== Problem details ==
Could you repeat, word for word, the line with "Lots of delicious" and every line after it in the records below, leaving out any pictures?

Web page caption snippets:
============

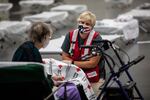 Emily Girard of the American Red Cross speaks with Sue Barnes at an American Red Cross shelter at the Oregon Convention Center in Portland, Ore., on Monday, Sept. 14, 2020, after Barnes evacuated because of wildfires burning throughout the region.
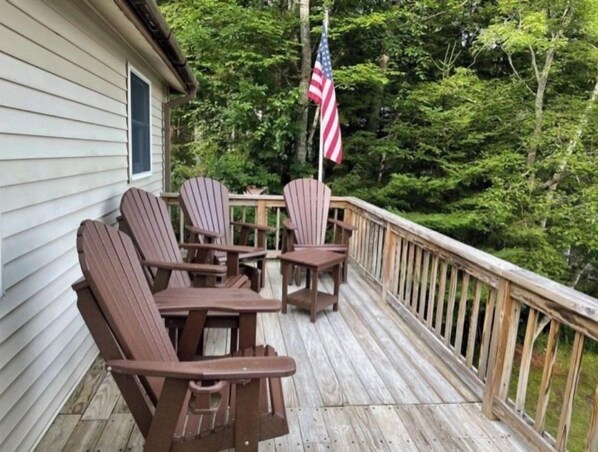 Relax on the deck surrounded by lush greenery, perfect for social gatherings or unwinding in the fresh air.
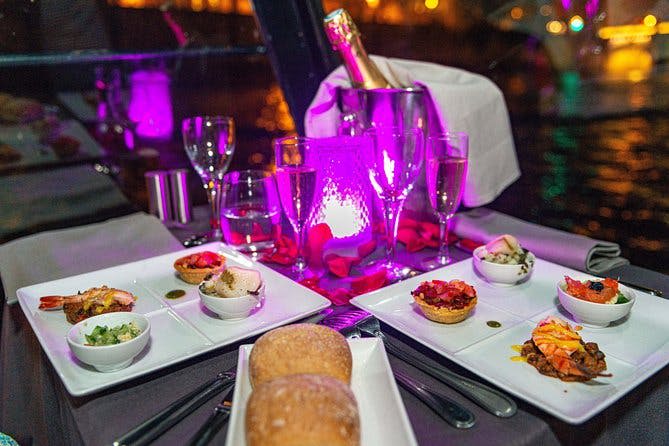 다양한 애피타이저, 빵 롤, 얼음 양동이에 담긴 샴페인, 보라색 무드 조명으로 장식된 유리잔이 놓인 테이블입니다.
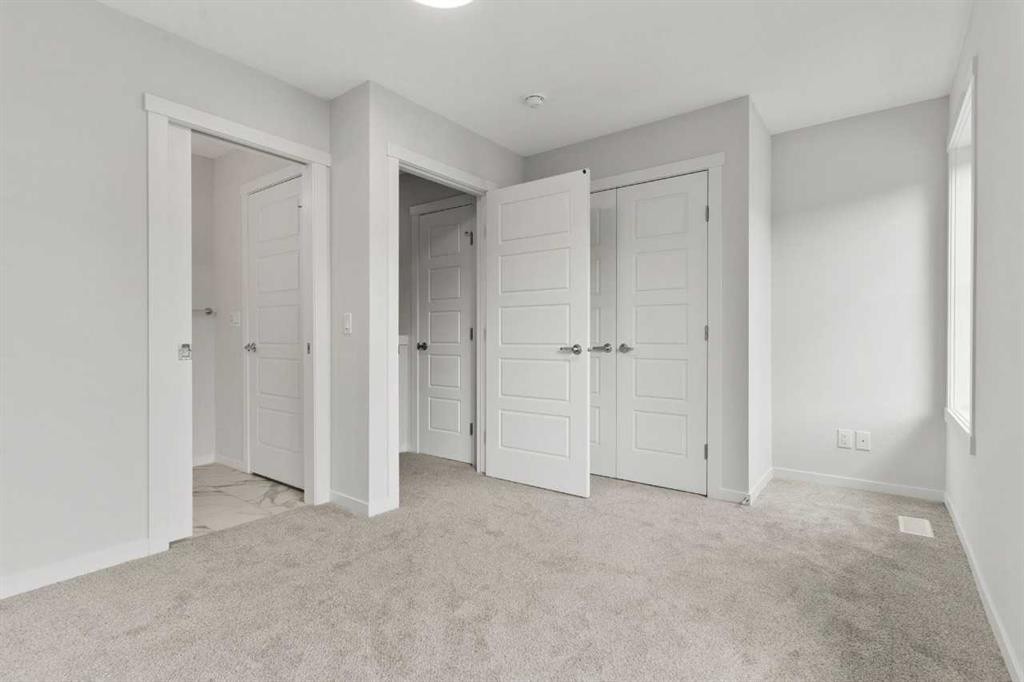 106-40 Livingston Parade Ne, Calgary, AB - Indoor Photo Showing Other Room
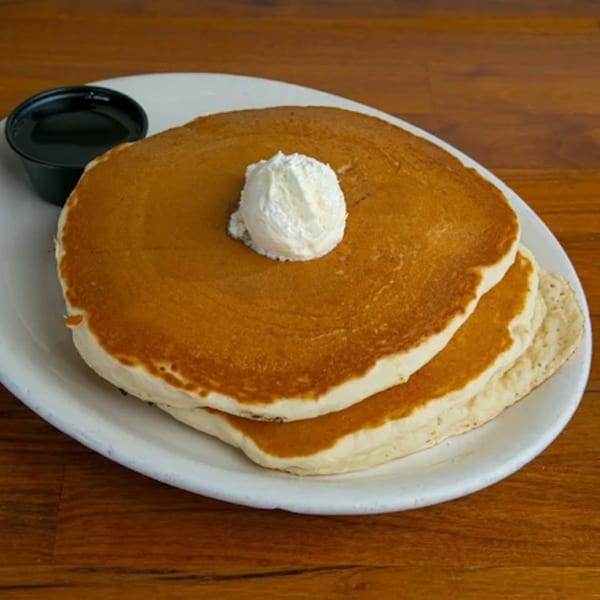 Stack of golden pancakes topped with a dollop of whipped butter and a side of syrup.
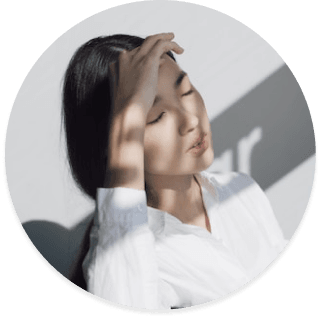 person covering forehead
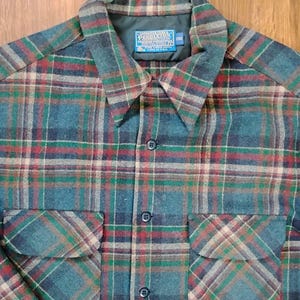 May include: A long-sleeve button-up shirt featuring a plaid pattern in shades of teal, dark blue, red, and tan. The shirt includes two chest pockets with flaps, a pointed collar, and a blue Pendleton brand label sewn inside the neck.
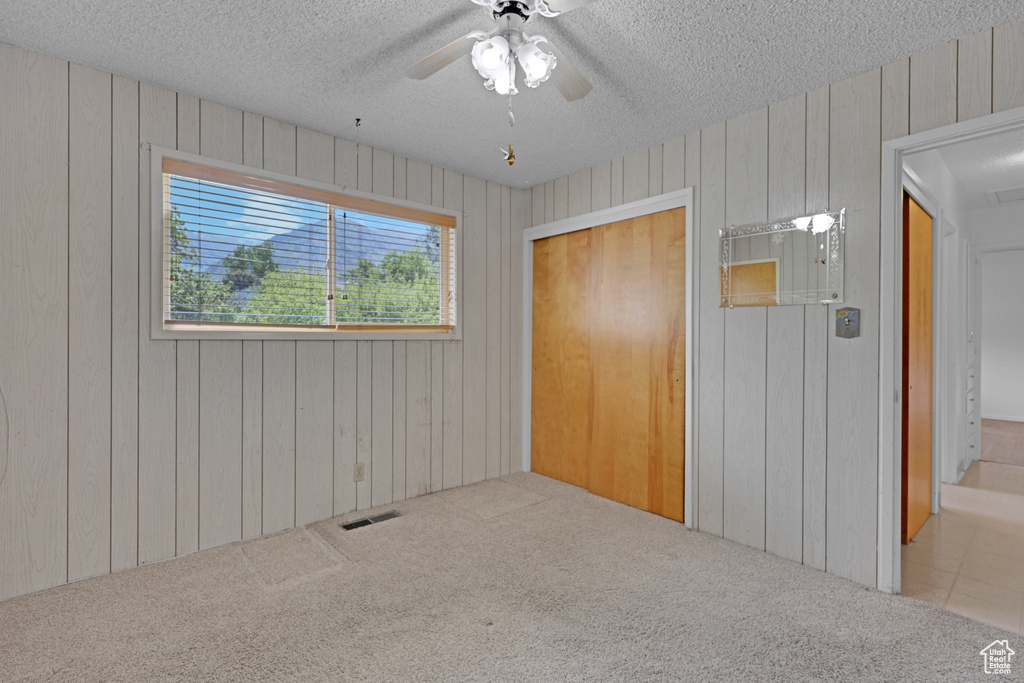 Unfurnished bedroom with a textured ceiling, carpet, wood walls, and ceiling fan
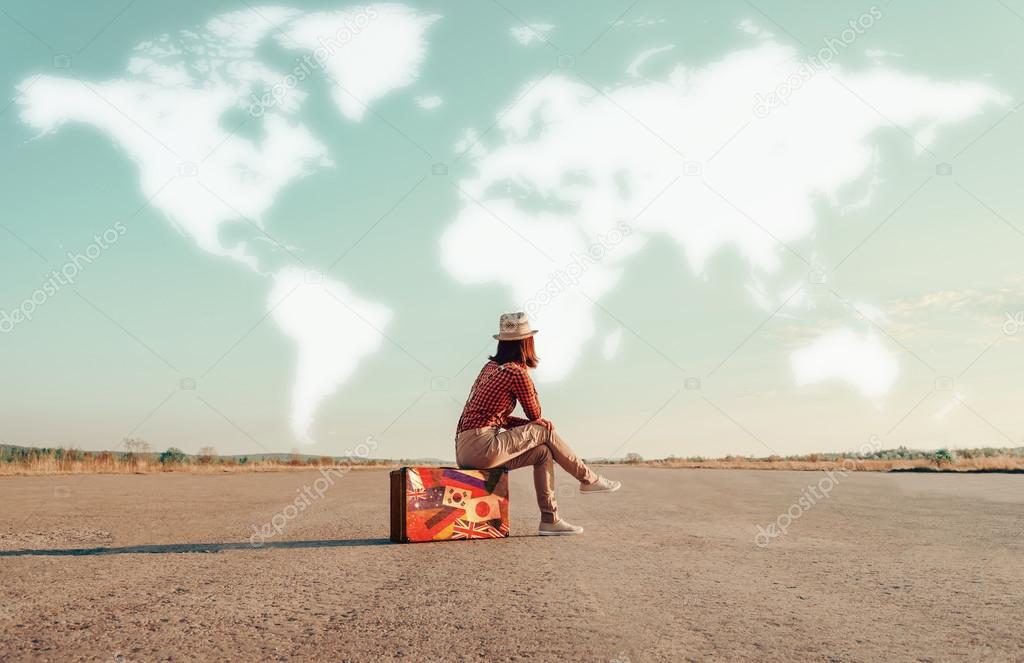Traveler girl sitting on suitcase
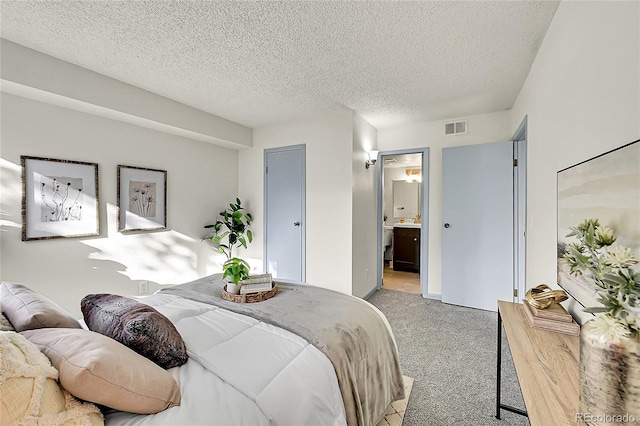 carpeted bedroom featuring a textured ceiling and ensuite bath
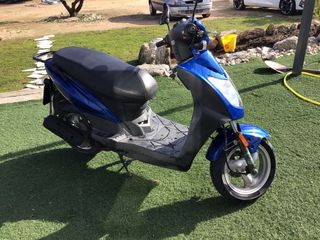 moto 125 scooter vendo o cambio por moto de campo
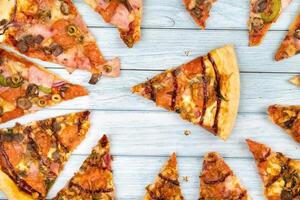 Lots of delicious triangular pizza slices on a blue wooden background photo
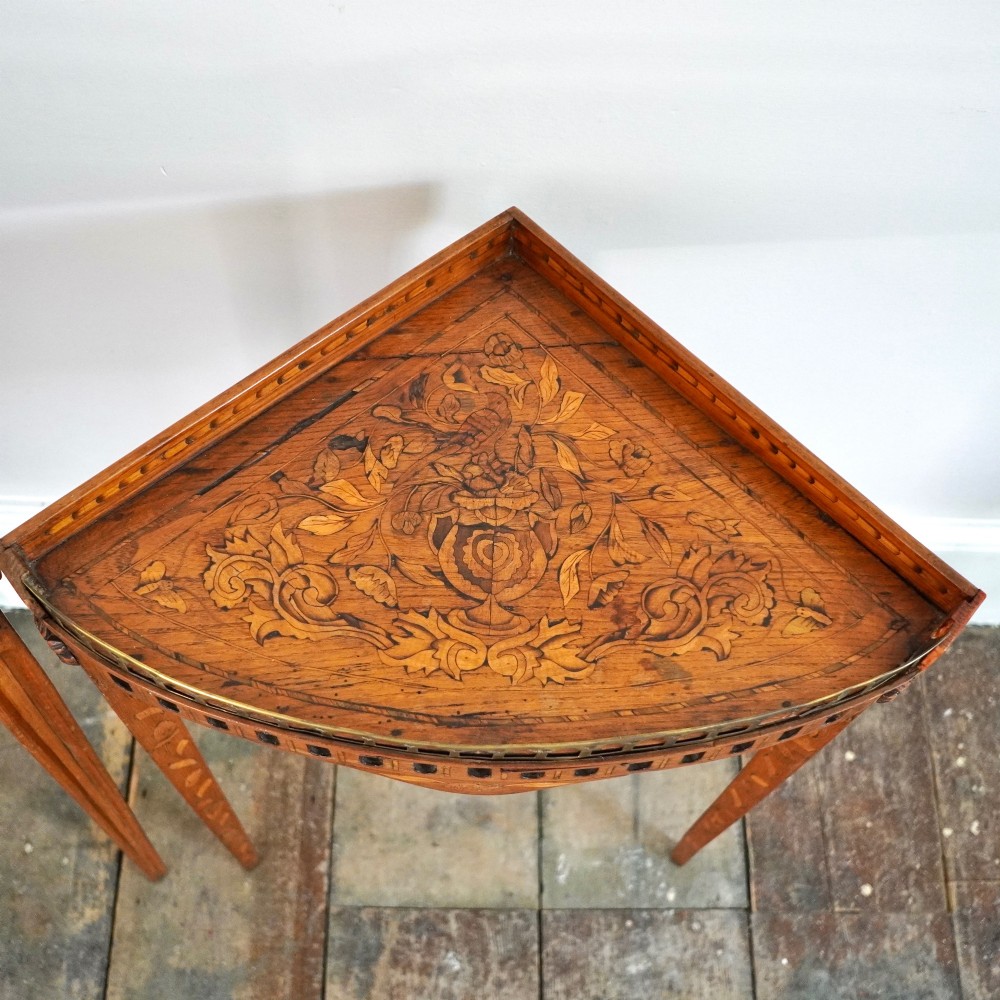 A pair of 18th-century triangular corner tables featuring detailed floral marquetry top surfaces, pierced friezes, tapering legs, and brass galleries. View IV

============

== Task answer ==
 Lots of delicious triangular pizza slices on a blue wooden background photo
 A pair of 18th-century triangular corner tables featuring detailed floral marquetry top surfaces, pierced friezes, tapering legs, and brass galleries. View IV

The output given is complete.